I am toying a bit with the idea of maybe moving to Australia some day.
My dreamjob is working offshore on a drilling rig, and I know that the competition is fierce - it is here in Norway, and I don't suppose it's any different down under. 

I was hoping someone could help me, and suggest various companies that I could contact? I have a craft certificate in Chemical/Technical industry, and currently work as a process operator here in Norway. I also have the basic safety and emergency training course, including HUET, and a well drilling course (covering the basics of geology, drilling fluids, production, well control/pressure, HSE etc.). I'm not completely sure what the equivalent of this course is in Australia, but here in Norway it's one of the required qualifications when applying for the entry-level positions on a rig. That and a craft certificate. 

My aim is to work as a roustabout, but I'm interested in any position offshore that I might be qualified for. I could also consider onshore positions, since they often can give you a "foot inside" the industry. 

Does anyone here work offshore in Australia, or know someone that does? I guess they work a 2/2 rotation, right? I'm not picky about the rotation or shift plan, everything is of interest 

Could a foreigner such as myself be considered for positions of this type? 
If it makes any difference one way or another, I could add that I'm 28 years old. 

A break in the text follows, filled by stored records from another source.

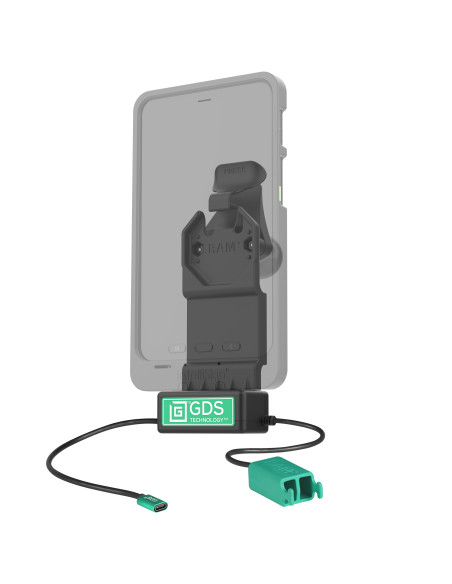 GDS® Uni-ConnT Dock + Dual USB-A with Release Lever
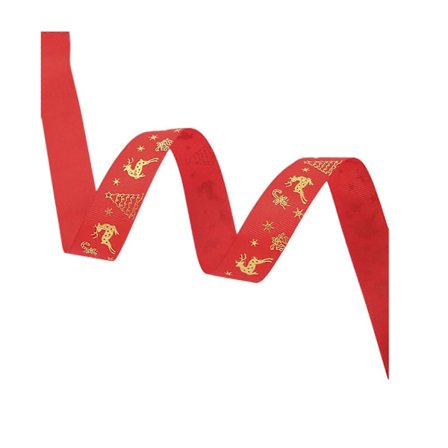 Joulukoristeet Pronssinvärinen Nauha Hirvi Joulukuusen Koristeet Nauha Lahjapaketointinauha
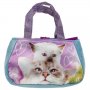Мягкая игрушка "Мой питомец" Кошка 16 см в сумочке арт.F80198-16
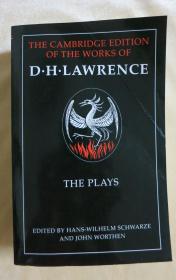 D. H. Lawrence: The Plays（实拍书影，国内现货）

Hope someone can help me out a bit here


----------



## thyes (Jul 7, 2014)

So, there is no one here who knows the offshore industry in Australia in any way? 
Any kind of input or tip would be greatly appreciated!


----------



## Jules63 (Aug 3, 2014)

*Offshore work*



thyes said:


> Hi there!
> 
> I am toying a bit with the idea of maybe moving to Australia some day.
> My dreamjob is working offshore on a drilling rig, and I know that the competition is fierce - it is here in Norway, and I don't suppose it's any different down under.
> ...


Hi there,

The first thing you would have to do is apply for a work visa. To work in the offshore industry in Australia you also have to belong to a relevant union. If you contact Skilled Offshore Australia on their website they will be able to advise you of the other requirements needed to work here. They will be able to advise whether your existing skills meet the requirements to work here. Hope this helps.

Best of Luck


----------